Luckier passengers like yours truly had an unforgettable trip. Along with 55 other guests, I did a “polar plunge” and inelegantly leapt into the 31-degree open ocean wearing nothing but a bathing suit. One night, while sitting on the observation deck, I watched shades of orange and fuchsia saturate the sky while the sun set behind mammoth tabular icebergs. During a visit to a penguin colony, I saw—and heard—an iceberg split in half. (It sounded a bit like those ASMR videos in which celebrities crunch on potato chips.) I kayaked around a rusted shipwreck from 1915. And I got to do it all with my family, which, in the midst of a pandemic, was a gift.
Sven-Olof Lindblad, the company’s founder whose father brought some of the first groups of tourists to Antarctica in 1966, said such family trips are becoming more common. The International Association of Antarctica Tour Operators clocked a record-breaking 62 ships during the 2019/2020 season. Antarctic tourism is not yet back to pre-Covid numbers—only around 30 ships are expected for the 2021/2022 stint—but it’s quickly building.

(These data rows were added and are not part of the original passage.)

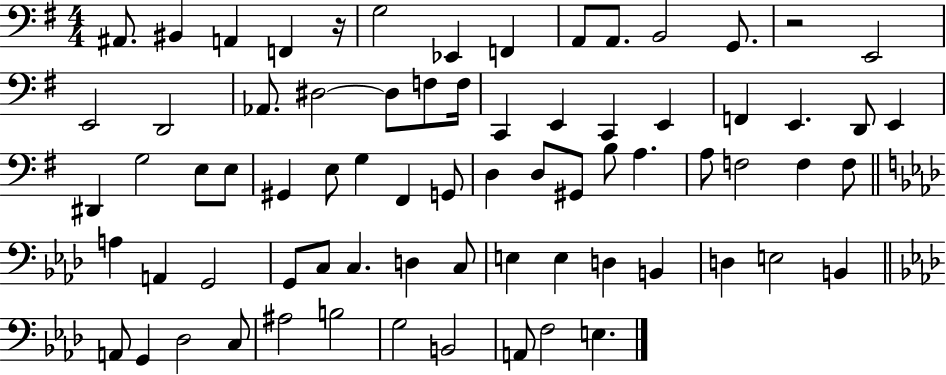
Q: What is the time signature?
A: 4/4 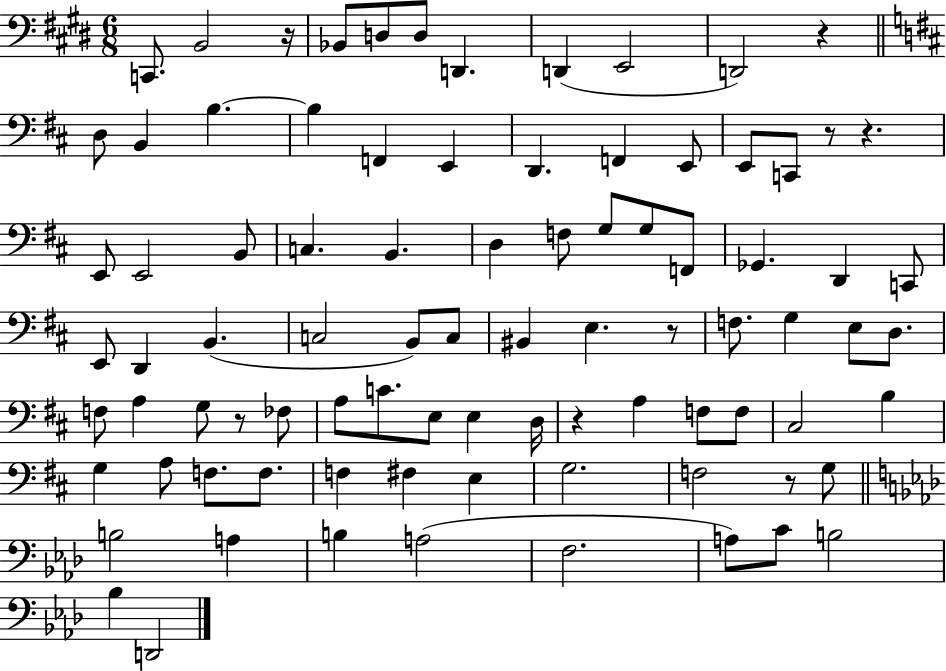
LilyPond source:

{
  \clef bass
  \numericTimeSignature
  \time 6/8
  \key e \major
  c,8. b,2 r16 | bes,8 d8 d8 d,4. | d,4( e,2 | d,2) r4 | \break \bar "||" \break \key b \minor d8 b,4 b4.~~ | b4 f,4 e,4 | d,4. f,4 e,8 | e,8 c,8 r8 r4. | \break e,8 e,2 b,8 | c4. b,4. | d4 f8 g8 g8 f,8 | ges,4. d,4 c,8 | \break e,8 d,4 b,4.( | c2 b,8) c8 | bis,4 e4. r8 | f8. g4 e8 d8. | \break f8 a4 g8 r8 fes8 | a8 c'8. e8 e4 d16 | r4 a4 f8 f8 | cis2 b4 | \break g4 a8 f8. f8. | f4 fis4 e4 | g2. | f2 r8 g8 | \break \bar "||" \break \key aes \major b2 a4 | b4 a2( | f2. | a8) c'8 b2 | \break bes4 d,2 | \bar "|."
} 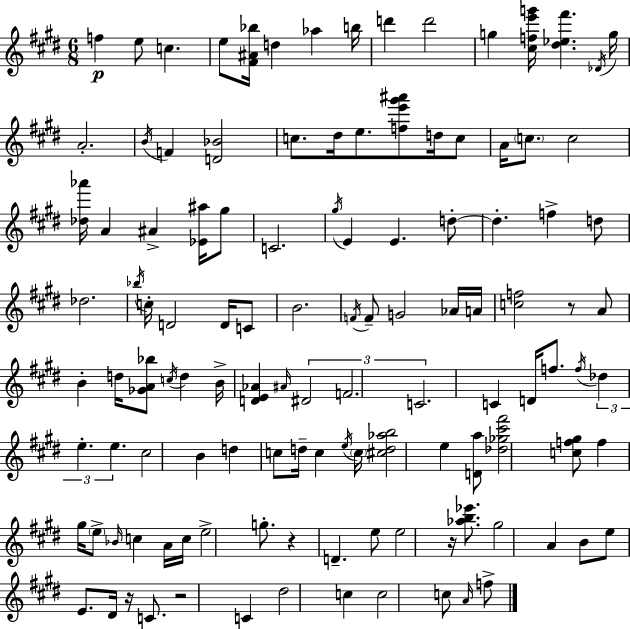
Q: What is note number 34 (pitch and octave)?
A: D5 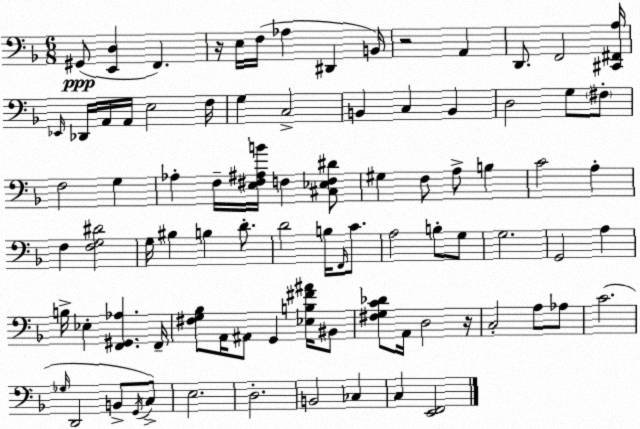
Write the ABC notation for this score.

X:1
T:Untitled
M:6/8
L:1/4
K:Dm
^G,,/2 [E,,D,] F,, z/4 E,/4 F,/4 _A, ^D,, B,,/4 z2 A,, D,,/2 F,,2 [^C,,^F,,A,]/4 _E,,/4 _D,,/4 A,,/4 A,,/4 E,2 F,/4 G, C,2 B,, C, B,, D,2 G,/2 ^F,/2 F,2 G, _A, F,/4 [E,^F,^A,B]/4 F, [^C,_E,F,^D]/2 ^G, F,/2 A,/2 B, C2 A, F, [F,G,^D]2 G,/4 ^B, B, D/2 D2 B,/4 F,,/4 C/2 A,2 B,/2 G,/2 G,2 G,,2 A, B,/4 _E, [F,,^G,,_A,] F,,/4 [^F,G,_B,]/2 A,,/4 ^A,,/2 G,, [_E,B,^F^A]/4 ^B,,/2 [^F,G,C_D]/2 A,,/4 D,2 z/4 C,2 A,/2 _A,/2 C2 _G,/4 D,,2 B,,/2 G,,/4 C,/2 E,2 D,2 B,,2 _C, C, [E,,F,,]2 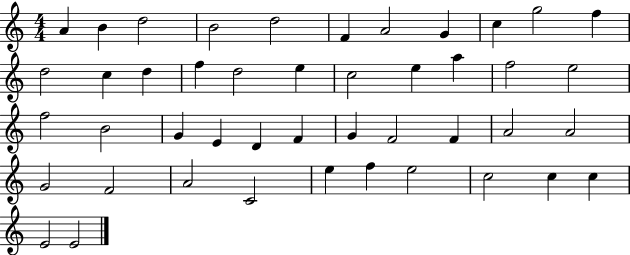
A4/q B4/q D5/h B4/h D5/h F4/q A4/h G4/q C5/q G5/h F5/q D5/h C5/q D5/q F5/q D5/h E5/q C5/h E5/q A5/q F5/h E5/h F5/h B4/h G4/q E4/q D4/q F4/q G4/q F4/h F4/q A4/h A4/h G4/h F4/h A4/h C4/h E5/q F5/q E5/h C5/h C5/q C5/q E4/h E4/h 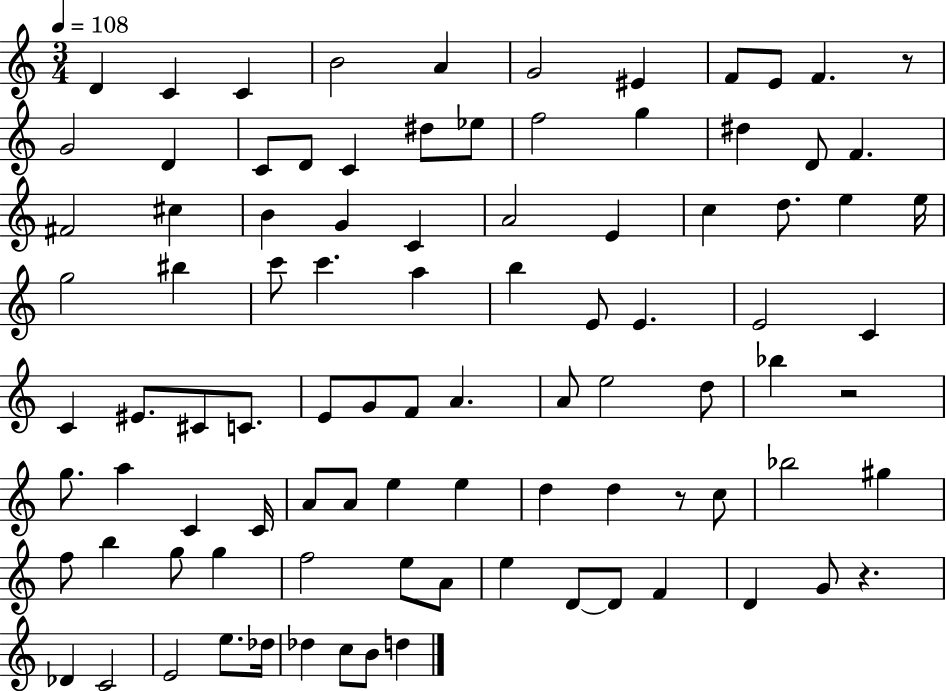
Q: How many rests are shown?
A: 4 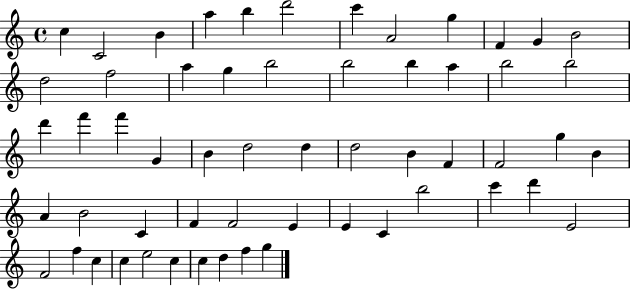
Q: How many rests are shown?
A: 0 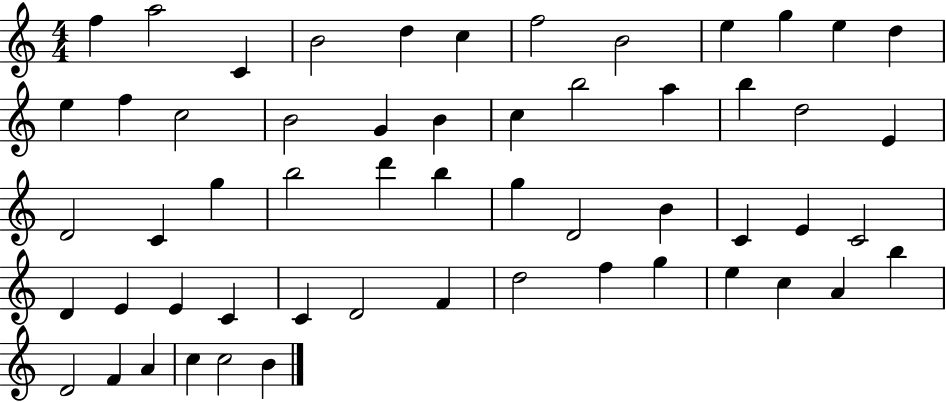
X:1
T:Untitled
M:4/4
L:1/4
K:C
f a2 C B2 d c f2 B2 e g e d e f c2 B2 G B c b2 a b d2 E D2 C g b2 d' b g D2 B C E C2 D E E C C D2 F d2 f g e c A b D2 F A c c2 B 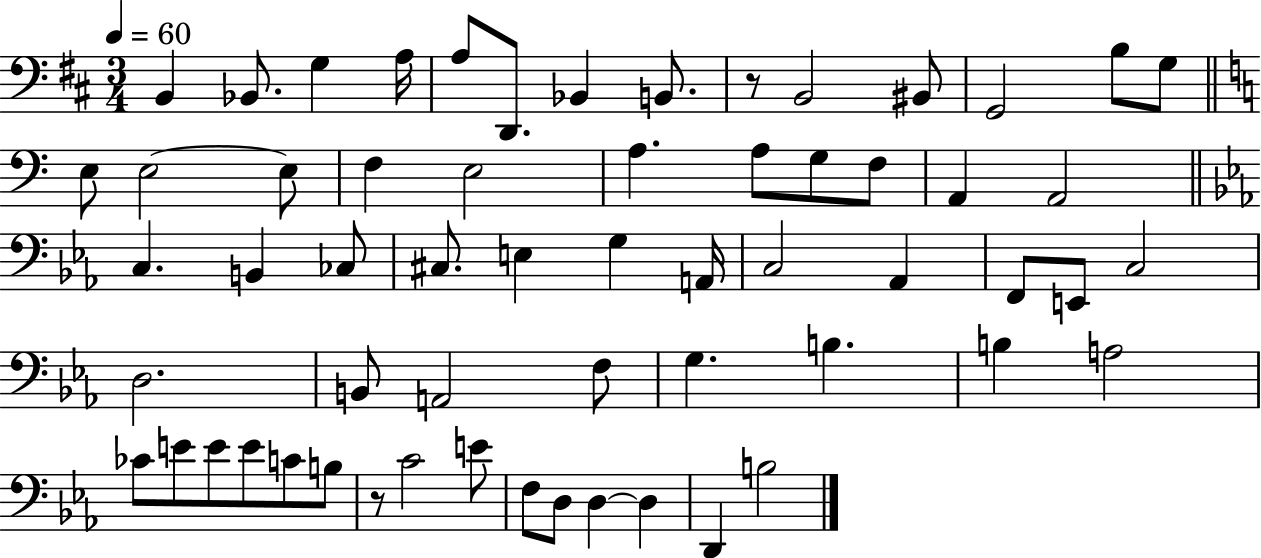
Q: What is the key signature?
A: D major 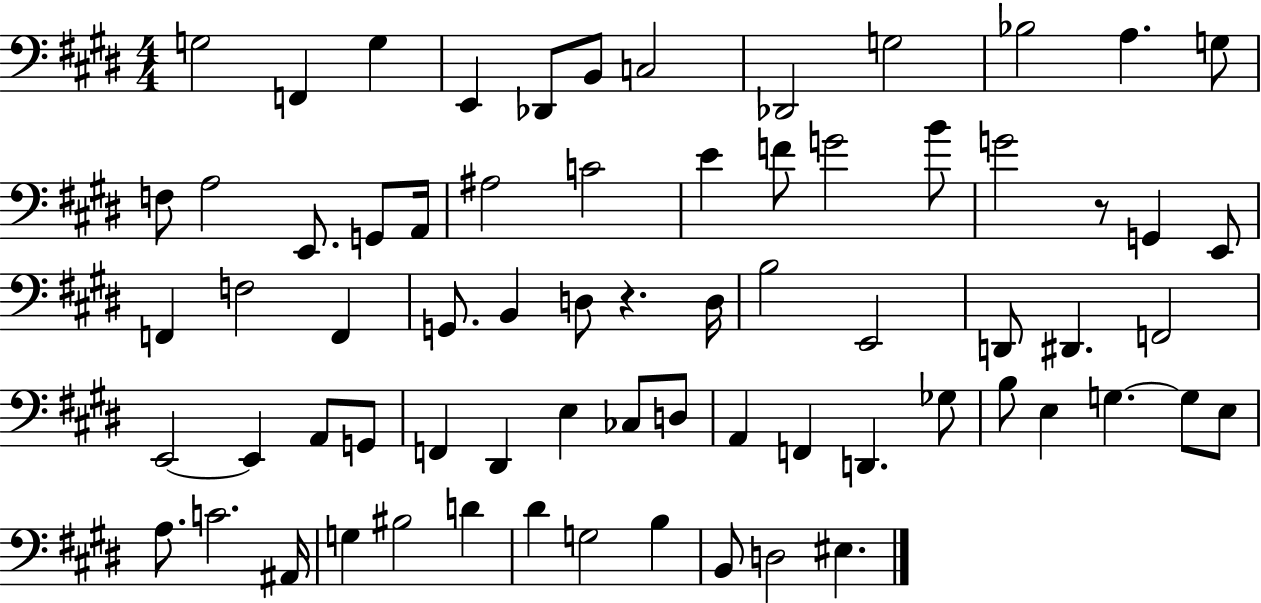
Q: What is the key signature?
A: E major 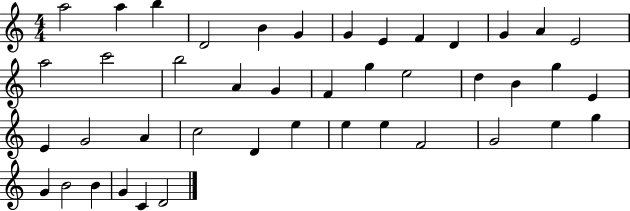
A5/h A5/q B5/q D4/h B4/q G4/q G4/q E4/q F4/q D4/q G4/q A4/q E4/h A5/h C6/h B5/h A4/q G4/q F4/q G5/q E5/h D5/q B4/q G5/q E4/q E4/q G4/h A4/q C5/h D4/q E5/q E5/q E5/q F4/h G4/h E5/q G5/q G4/q B4/h B4/q G4/q C4/q D4/h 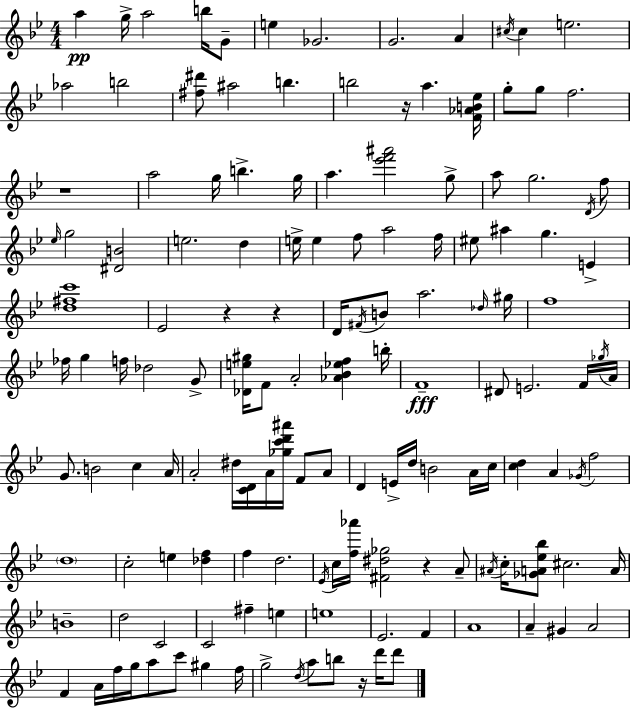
{
  \clef treble
  \numericTimeSignature
  \time 4/4
  \key g \minor
  a''4\pp g''16-> a''2 b''16 g'8-- | e''4 ges'2. | g'2. a'4 | \acciaccatura { cis''16 } cis''4 e''2. | \break aes''2 b''2 | <fis'' dis'''>8 ais''2 b''4. | b''2 r16 a''4. | <f' aes' b' ees''>16 g''8-. g''8 f''2. | \break r1 | a''2 g''16 b''4.-> | g''16 a''4. <ees''' f''' ais'''>2 g''8-> | a''8 g''2. \acciaccatura { d'16 } | \break f''8 \grace { ees''16 } g''2 <dis' b'>2 | e''2. d''4 | e''16-> e''4 f''8 a''2 | f''16 eis''8 ais''4 g''4. e'4-> | \break <d'' fis'' c'''>1 | ees'2 r4 r4 | d'16 \acciaccatura { fis'16 } b'8 a''2. | \grace { des''16 } gis''16 f''1 | \break fes''16 g''4 f''16 des''2 | g'8-> <des' e'' gis''>16 f'8 a'2-. | <aes' bes' ees'' f''>4 b''16-. f'1--\fff | dis'8 e'2. | \break f'16 \acciaccatura { ges''16 } a'16 g'8. b'2 | c''4 a'16 a'2-. dis''16 <c' d'>16 | a'16 <ges'' c''' d''' ais'''>16 f'8 a'8 d'4 e'16-> d''16 b'2 | a'16 c''16 <c'' d''>4 a'4 \acciaccatura { ges'16 } f''2 | \break \parenthesize d''1 | c''2-. e''4 | <des'' f''>4 f''4 d''2. | \acciaccatura { ees'16 } c''16 <f'' aes'''>16 <fis' dis'' ges''>2 | \break r4 a'8-- \acciaccatura { ais'16 } c''16-. <ges' a' ees'' bes''>8 cis''2. | a'16 b'1-- | d''2 | c'2 c'2 | \break fis''4-- e''4 e''1 | ees'2. | f'4 a'1 | a'4-- gis'4 | \break a'2 f'4 a'16 f''16 g''16 | a''8 c'''8 gis''4 f''16 g''2-> | \acciaccatura { d''16 } a''8 b''8 r16 d'''16 d'''8 \bar "|."
}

I will never forget standing on my balcony after enduring the Drake Passage and seeing my first iceberg. I felt like I’d arrived in some kind of pristine Narnia. As romantic as that sounds, “Antarctica is still a potentially dangerous place,” said Mr. Lindblad, stressing the importance of traveling on a polar-class ship with an experienced staff. I’m sure that’s true. I had guides that made makeshift steps out of grates and snow so I could daintily climb ashore. I felt pretty safe.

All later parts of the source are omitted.